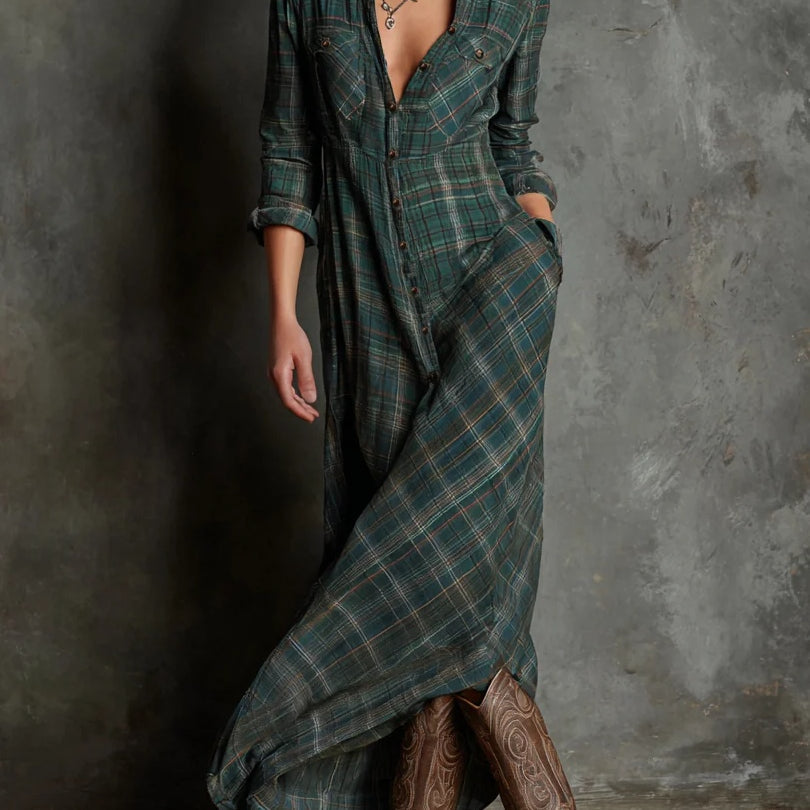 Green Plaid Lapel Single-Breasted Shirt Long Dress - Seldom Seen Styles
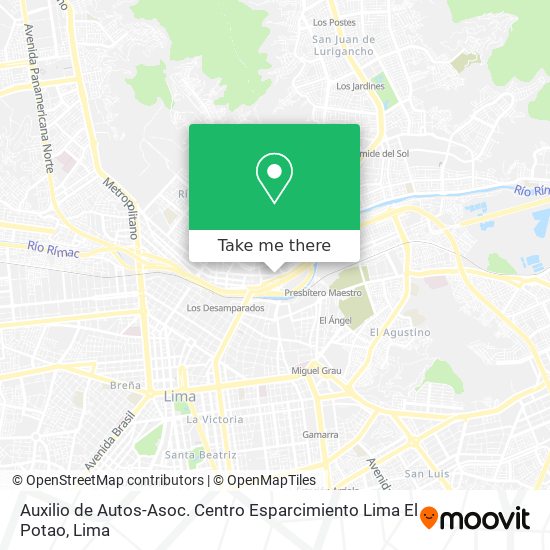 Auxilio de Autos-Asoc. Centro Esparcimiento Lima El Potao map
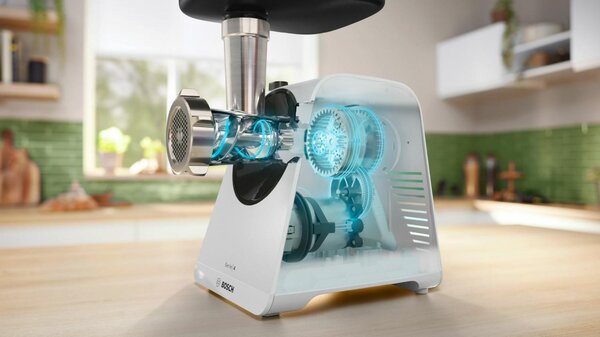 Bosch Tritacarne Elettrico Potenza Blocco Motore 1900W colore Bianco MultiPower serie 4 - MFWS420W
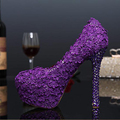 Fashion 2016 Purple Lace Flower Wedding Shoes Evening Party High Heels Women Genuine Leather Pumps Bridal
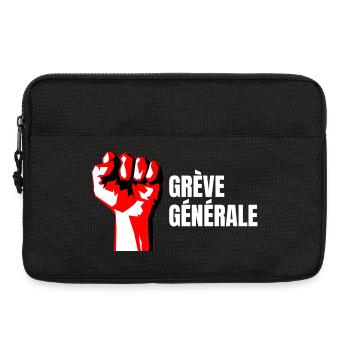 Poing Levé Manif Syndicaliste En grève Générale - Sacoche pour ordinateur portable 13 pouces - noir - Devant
*****
> Exercise aim
From the line with "Fashion 2016 Purple" to the final line of the records, inclusive, set down the lines exactly and add nothing; leave every picture out.

> Expected output
 Fashion 2016 Purple Lace Flower Wedding Shoes Evening Party High Heels Women Genuine Leather Pumps Bridal
 Poing Levé Manif Syndicaliste En grève Générale - Sacoche pour ordinateur portable 13 pouces - noir - Devant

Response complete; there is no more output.